The SSC component 1035 enabling access of information between nodes may be developed by employing standard development tools and languages such as, but not limited to: Apache components, Assembly, ActiveX, binary executables, (ANSI) (Objective-) C (++), C# and/or .NET, database adapters, CGI scripts, Java, JavaScript, mapping tools, procedural and object oriented development tools, PERL, PHP, Python, shell scripts, SQL commands, web application server extensions, web development environments and libraries (e.g., Microsoft's ActiveX; Adobe AIR, FLEX & FLASH; AJAX; (D)HTML; Dojo, Java; JavaScript; jQuery(UI); MooTools; Prototype; script.aculo.us; Simple Object Access Protocol (SOAP); SWFObject; Yahoo! User Interface; and/or the like), WebObjects, and/or the like. In one embodiment, the SSC system server employs a cryptographic server to encrypt and decrypt communications. The SSC system component may communicate to and/or with other components in a component collection, including itself, and/or facilities of the like. Most frequently, the SSC system component communicates with the SSC system database, operating systems, other program components, and/or the like. The SSC system may contain, communicate, generate, obtain, and/or provide program component, system, user, and/or data communications, requests, and/or responses.

Distributed SSC Systems

The structure and/or operation of any of the SSC system node controller components may be combined, consolidated, and/or distributed in any number of ways to facilitate development and/or deployment. Similarly, the component collection may be combined in any number of ways to facilitate deployment and/or development. To accomplish this, one may integrate the components into a common code base or in a facility that can dynamically load the components on demand in an integrated fashion.
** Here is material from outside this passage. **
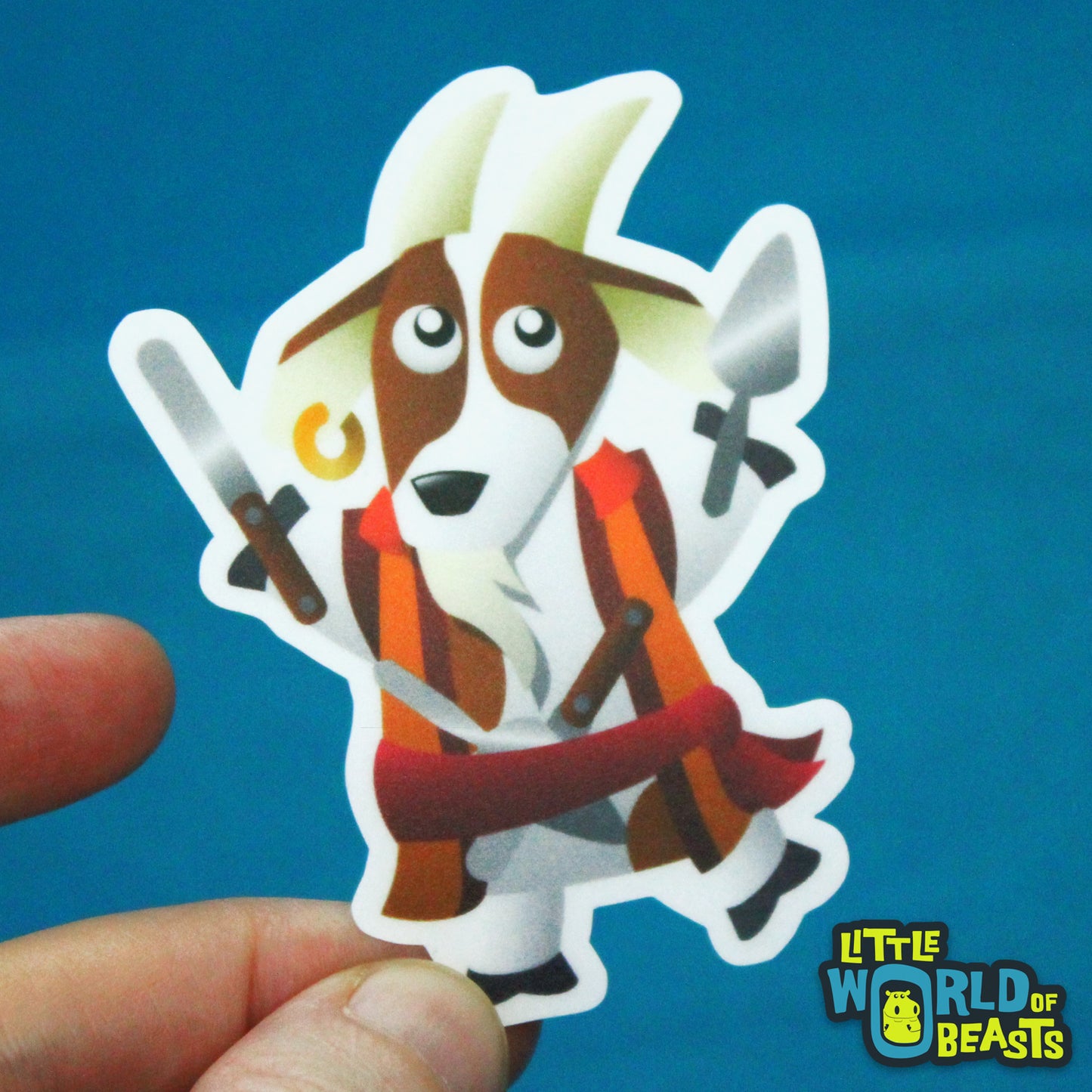 Goat with Pastry Knives Vinyl Sticker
The component collection may be consolidated and/or distributed in countless variations through standard data processing and/or development techniques. Multiple instances of any one of the program components in the program component collection may be instantiated on a single node, and/or across numerous nodes to improve performance through load-balancing and/or data-processing techniques. Furthermore, single instances may also be distributed across multiple controllers and/or storage devices; e.g., databases. All program component instances and controllers working in concert may do so through standard data processing communication techniques.
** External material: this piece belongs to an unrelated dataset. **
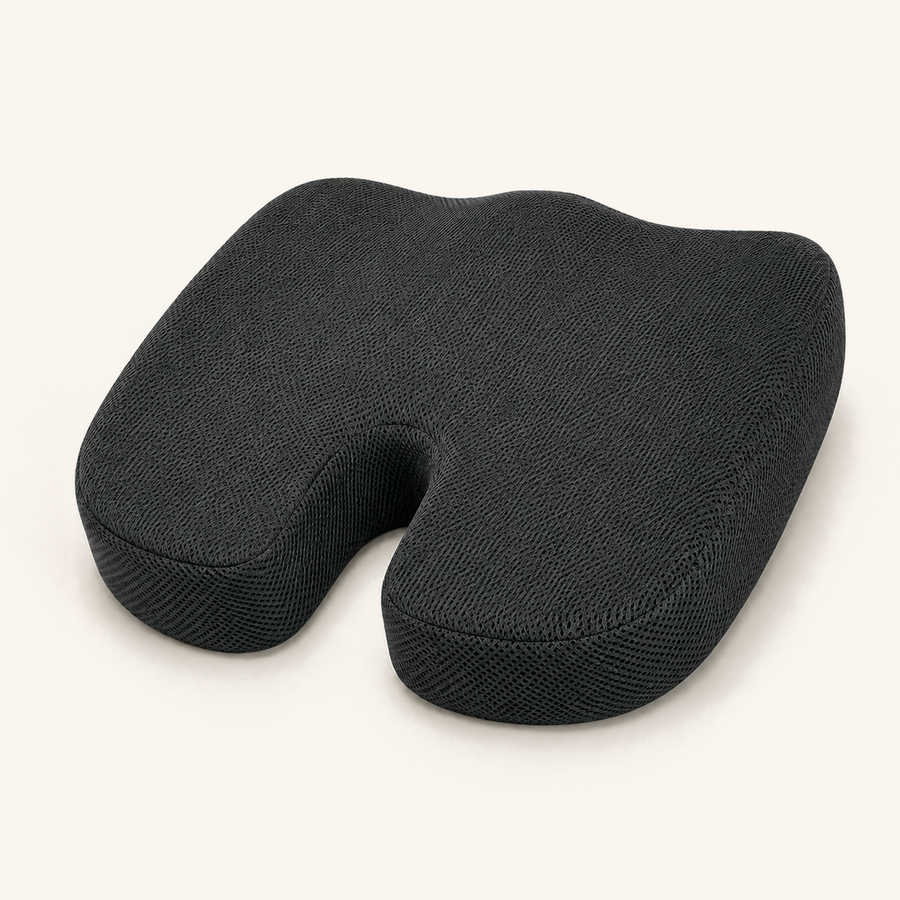 Coussin coccyx ergonomique en U Sedio, housse en maille noire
The configuration of the SSC controller 1000 may depend on the context of system deployment. Factors such as, but not limited to, the budget, capacity, location, and/or use of the underlying hardware resources may affect deployment requirements and configuration. Regardless of if the configuration results in more consolidated and/or integrated program components, results in a more distributed series of program components, and/or results in some combination between a consolidated and distributed configuration, data may be communicated, obtained, and/or provided. Instances of components consolidated into a common code base from the program component collection may communicate, obtain, and/or provide data. This may be accomplished through intra-application data processing communication techniques such as, but not limited to: data referencing (e.g., pointers), internal messaging, object instance variable communication, shared memory space, variable passing, and/or the like.

If component collection components are discrete, separate, and/or external to one another, then communicating, obtaining, and/or providing data with and/or to other component components may be accomplished through inter-application data processing communication techniques such as, but not limited to: Application Program Interfaces (API) information passage; (distributed) Component Object Model ((D)COM), (Distributed) Object Linking and Embedding ((D)OLE), and/or the like), Common Object Request Broker Architecture (CORBA), Jini local and remote application program interfaces, JavaScript Object Notation (JSON), Remote Method Invocation (RMI), SOAP, process pipes, shared files, and/or the like. Messages sent between discrete component components for inter-application communication or within memory spaces of a singular component for intra-application communication may be facilitated through the creation and parsing of a grammar. A grammar may be developed by using development tools such as lex, yacc, XML, and/or the like, which allow for grammar generation and parsing capabilities, which in turn may form the basis of communication messages within and between components.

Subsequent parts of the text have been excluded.